SHEN-HSIU


'Empty space' is without characteristics, and it is wu-wei unconditioned; 'being free from discursive thoughts' is also without characteristics, as it is wu-wei. 'Empty space' is neither increased nor destroyed; 'being free from thinking' also is neither increased nor destroyed. . . . Because 'empty space' is free from mind (hsin), it is everywhere. There is nowhere it does not encompass. 'Having thoughts' is not everywhere; but 'being free from thoughts' is everywhere. . . . If the eye sees, the mind is aware, and one is free from thinking, then there are no barriers and divisions, and this is the pure realm of dharmas; it is the realm of Buddhas.

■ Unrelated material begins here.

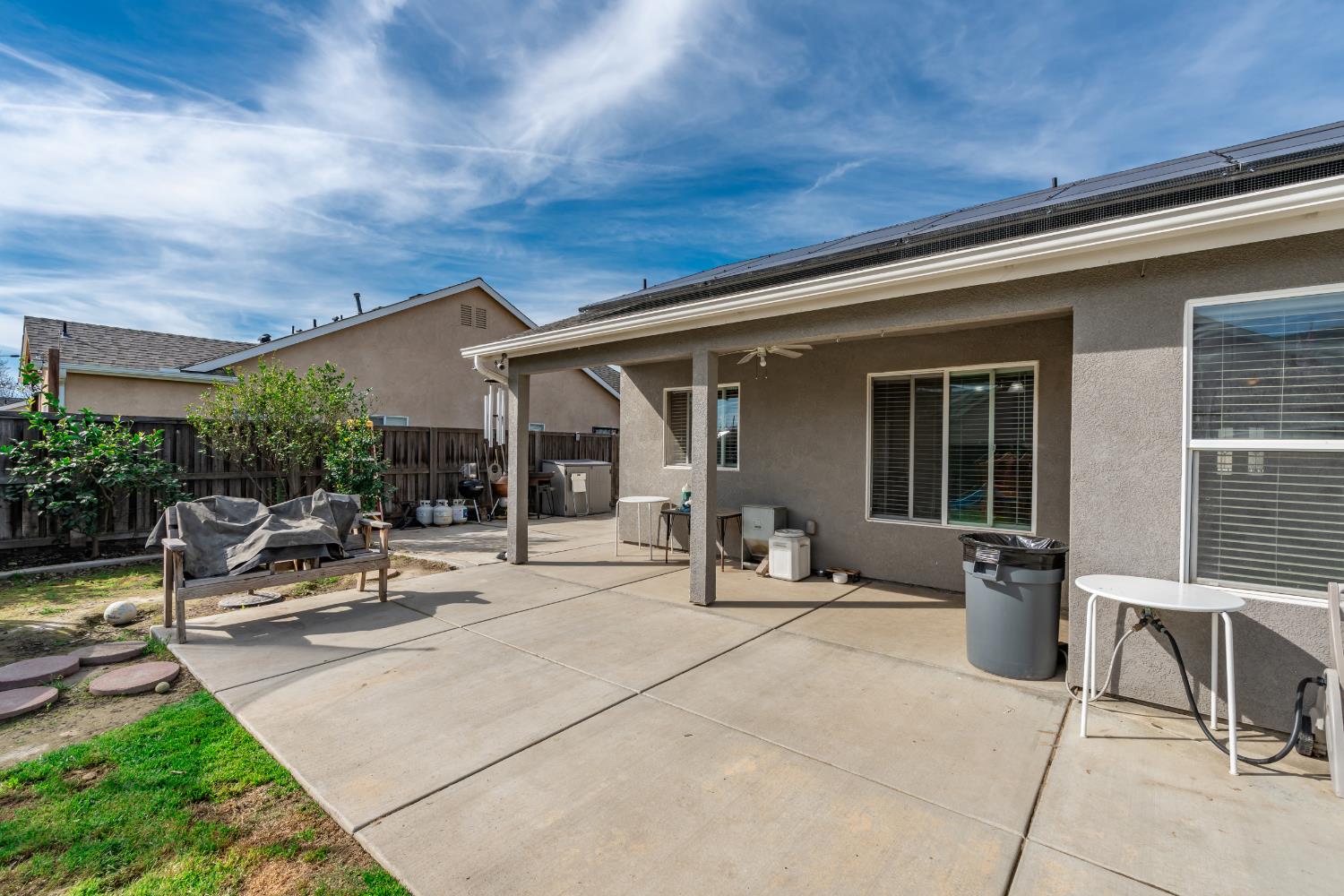 1116 Liberation Way Lemoore, CA 93245 - Photo 25 of 43 a view of a patio with table and chairs and potted plants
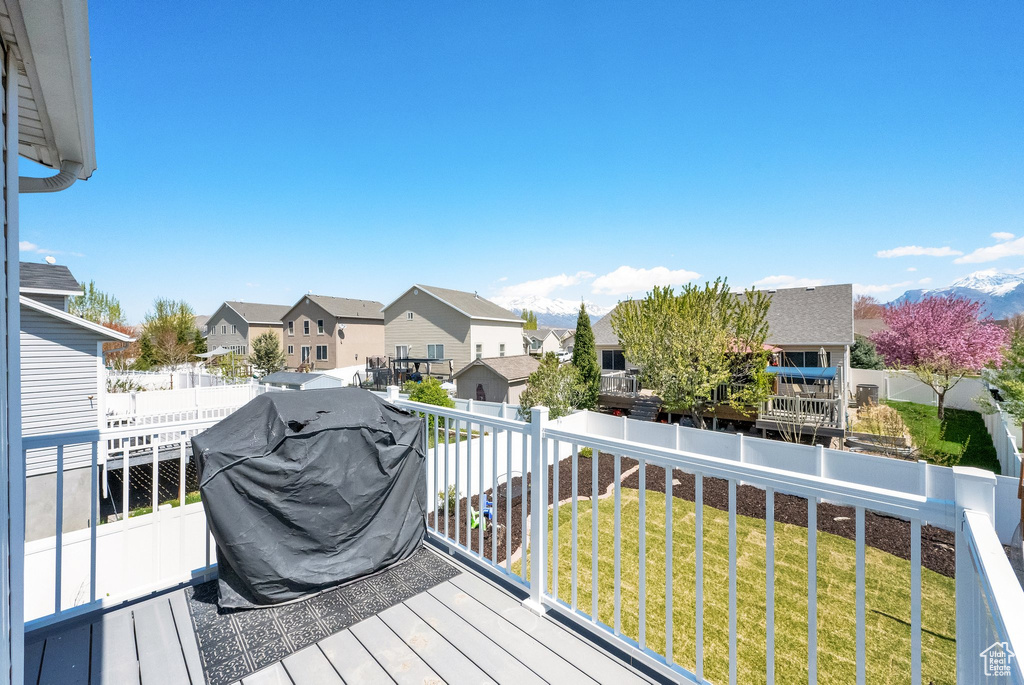 Wooden terrace featuring a residential view and area for grilling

Ta-ch'eng wu fang-pien pei-tsung SHEN-HSIU

Bodhidharma came to China to put Buddhist teaching, especially the practice of dhyana or meditation, upon a new footing. The Chinese Buddhist monastic community had rendered signal service to buddhavachana, the Word of Buddha. Through its assiduous efforts numerous scriptures and texts were translated, preserved and disseminated, many of which would have been irretrievably lost save for their faithful Chinese versions. Nonetheless, Bodhidharma also knew that the monastic community – the sangha in its institutional aspect – was subject to many vicissitudes. Too narrow a focus on translating and preserving texts could diminish their assimilation and use, whilst the politics and social animosities which are always a danger in insular monasticism could only be heightened by government intervention and the instability of warlike regimes. Bodhidharma, emphasizing the pivotal role of meditation in spiritual awakening, sought disciplined followers who were willing to renounce the security and comfort of monastic facilities and routine, forego the distractions of monastic society, and devote themselves to contemplation, reflection and meditation. His method in this sense went beyond the sacred texts – which he had mastered – and beyond the canonical forms of practice. He taught each disciple according to his needs and abilities, and those who followed him did the same in their turn.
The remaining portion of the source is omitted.